Data shown »
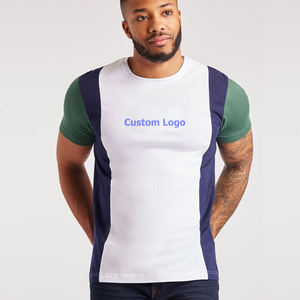 เสื้อยืดลายทางแขนสั้นสำหรับผู้ชายเสื้อยืดบล็อกสีแบบกำหนดเอง - Product Image 6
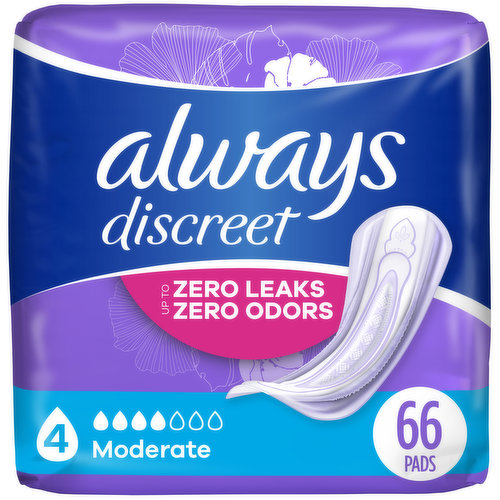 Always Discreet Discreet Moderate Absorbency, Regular Length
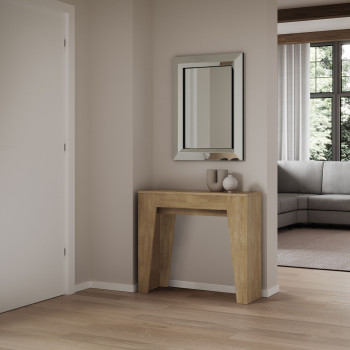 Console étroite - Console extensible 90x25/181 cm en frêne blanc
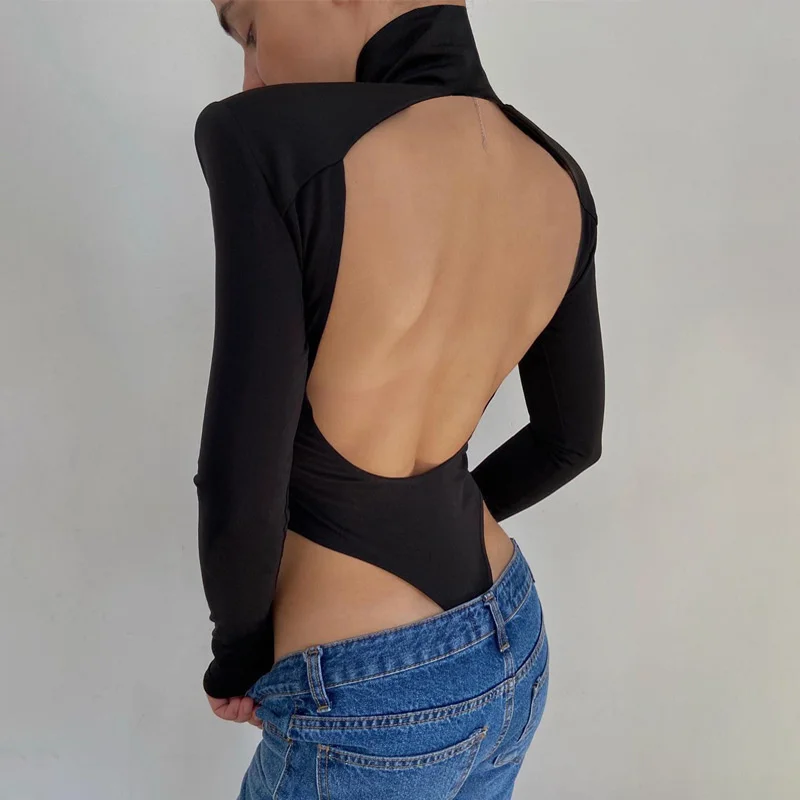 

INS Sexy Back Slim Fit Thin Solid Backed High Neck Top T-shirt Large Open Back Long Sleeve Bodysuit Women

Task brief » Copy nothing but the lines from the one containing "Console étroite - Console" through the last line of the listing above, transcribed exactly and with no pictures.

Exercise response »
 Console étroite - Console extensible 90x25/181 cm en frêne blanc

INS Sexy Back Slim Fit Thin Solid Backed High Neck Top T-shirt Large Open Back Long Sleeve Bodysuit Women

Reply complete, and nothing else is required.